Pedophilia is a psychiatric disorder. While it is easy and emotionally satisfying to describe is as simply ‘evil’, such a label fails to explain why a person would choose to expose themselves to the extreme risks inherent to paedophilia when numerous, accessible and legal alternatives are available. Either this choice is irrational, or it is not a choice at all and the attraction is beyond their conscious control in the first place – in either case, the term ‘evil’ becomes irrelevant.
As with any psychiatric disorder, the single most important thing when it comes to the prevention and treatment of paedophilia is early intervention. But early intervention in turn requires early detection; and early detection requires sufferers to present themselves voluntarily for treatment before they offend.

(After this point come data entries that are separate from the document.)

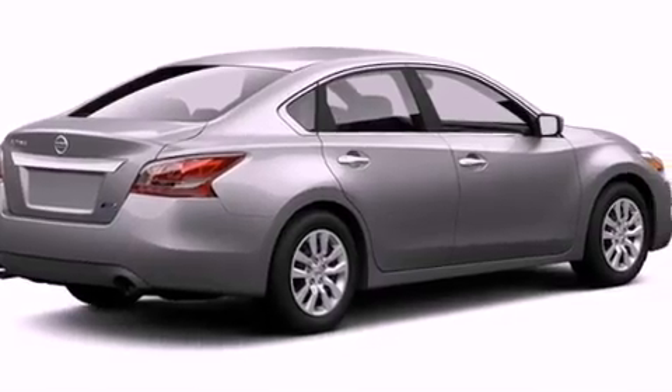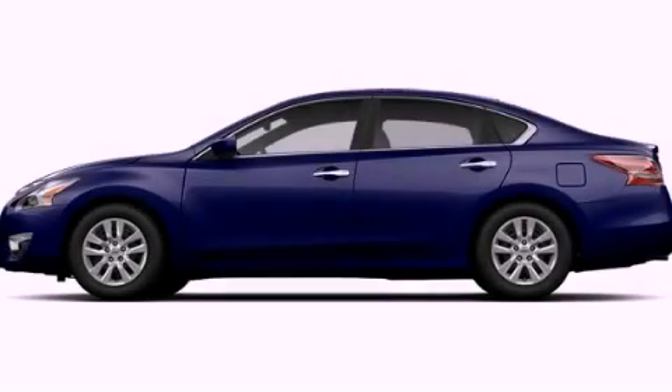This automobile won't last long at this price. Call and arrange a test drive now.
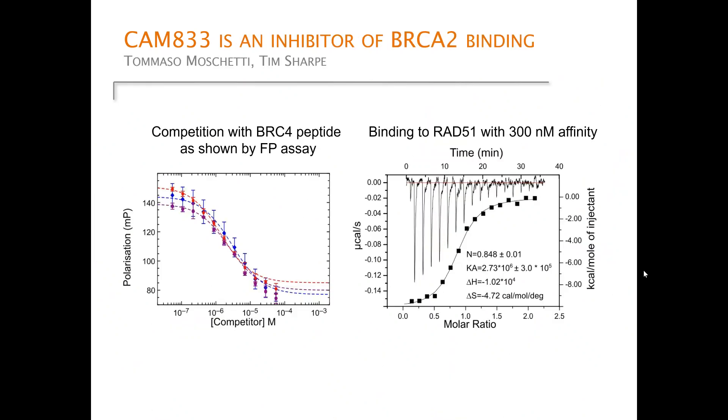We know where it binds, and we could demonstrate through biophysics — work done by Tommaso Moschetti and Tim Sharp in my group — how CAM833 inhibits BRC repeat binding. We measured the direct affinity to RAD51 at approximately 300 nanomolar by ITC.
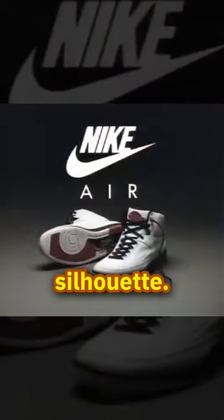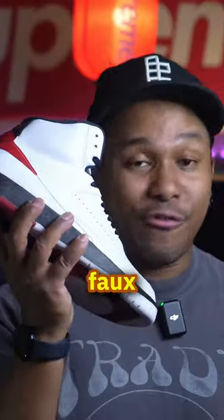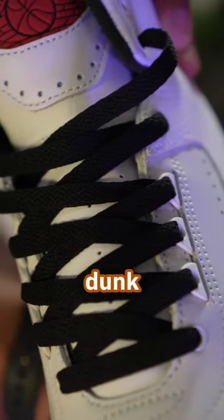The Jordan 2 Chicago debuted in 1986, and 2022 is the 35th anniversary of the silhouette. Peter Moore and Bruce Kilgore designed the shoe to be stylish, featuring high-quality leather and that faux iguana. It is also this silhouette in which Jordan won his first dunk contest.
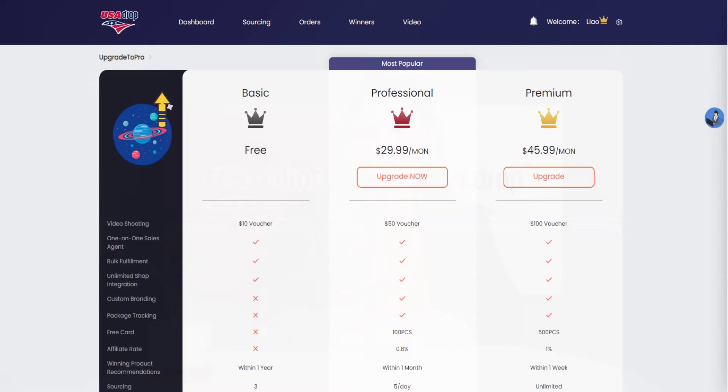Secondly, if you are a user at the professional level, we offer you 100 pieces thank you cards which are valued at least $150. The premium level can get 500 pieces for only an extra $16. Thirdly, you can get affiliate commissions from our platform if you have a membership. Aside from the above perks, you can get more benefits from the membership, like the latest winning product recommendations, more order fulfillments, priority order processing, and additional product listings.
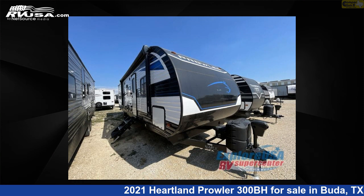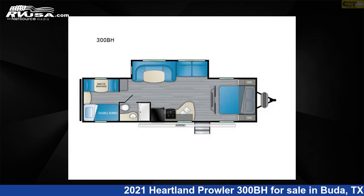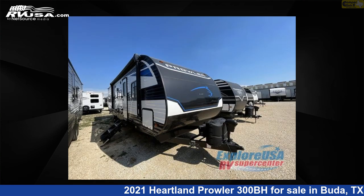This 2021 Heartland Prowler 300BH is a travel trailer RV. It is located in Buda, Texas 78610 and is offered for sale by Camper Clinic 2.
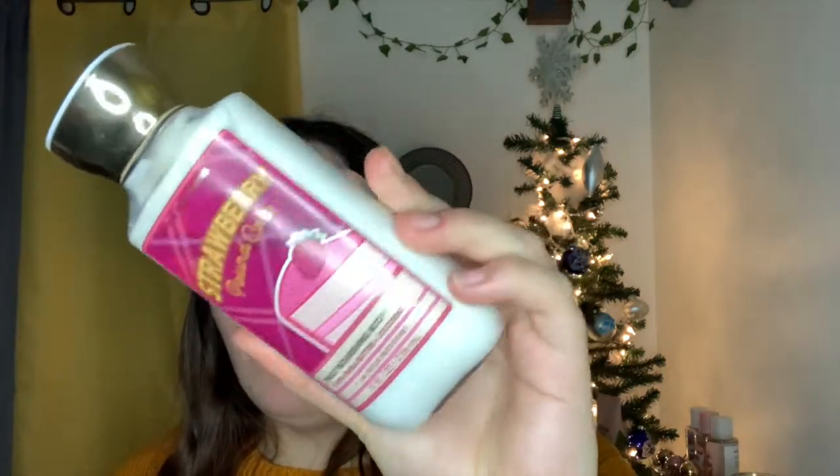Next is a classic and a favorite — Strawberry Pound Cake in this year's fall bake shop collection packaging. The notes are fresh strawberries, golden shortcake, and whipped cream. My mom got me the mist as a present, so I got myself the lotion. It smells so good — in the lotion it's more strawberry-forward and jammier than the fall bake shop collection from 2021, though it doesn't smell as good as the spring bake shop collection from 2020 — that one was divine.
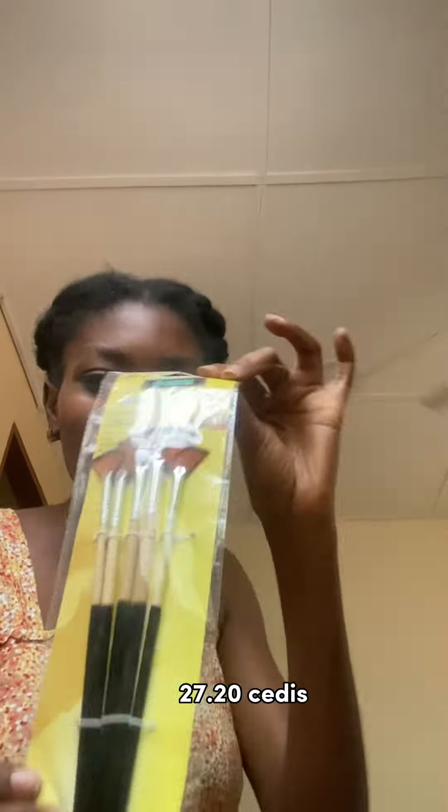My favorite purchase — these fan brushes. I've been seeing so many tutorials using them and I'm glad I finally found them. And then I also picked up different acrylic paints.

But given the immense opposition to paedophilia in our culture – an opposition we are immersed in even as children due to the threat facing us – who would ever admit to being sexually attracted to children even to themselves, let alone to a third party such as a psychiatrist that might be able to help them?
Denial is a serious complication even for non-taboo issues such as physical health; sufferers prefer to ignore their symptoms in favour of seeking medical advice as it reduces their anxiety about the potential ramifications. Paradoxically, this only makes the condition worse as it continues to go untreated, until medical intervention is no longer effective. How much more appealing must this denial be for a condition as universally reviled, and as stringently taboo as paedophilia? And how much more appealing would denial become, when a public sex offender registry identifies even rehabilitated offenders and exposes them to vilification, discrimination and persecution by the broader public?
Ironically, the proposed register will actually increase the number of untreated paedophiles in society as those who could have been treated deny their conditions until they can no longer control them.
The ultimate objective of the proposed public sex offender registry is to improve the safety of children. Ironically however, the proposal will not only fail in this objective, but risks worsening the safety of these children by making the detection, treatment and rehabilitation of paedophiles impossible.
The desire to protect our children from the horrors of the world is a great goal for any society, but we must be constantly vigilant that our efforts will actually achieve this goal – it is only by understanding the horrors after all that we are able to overcome them.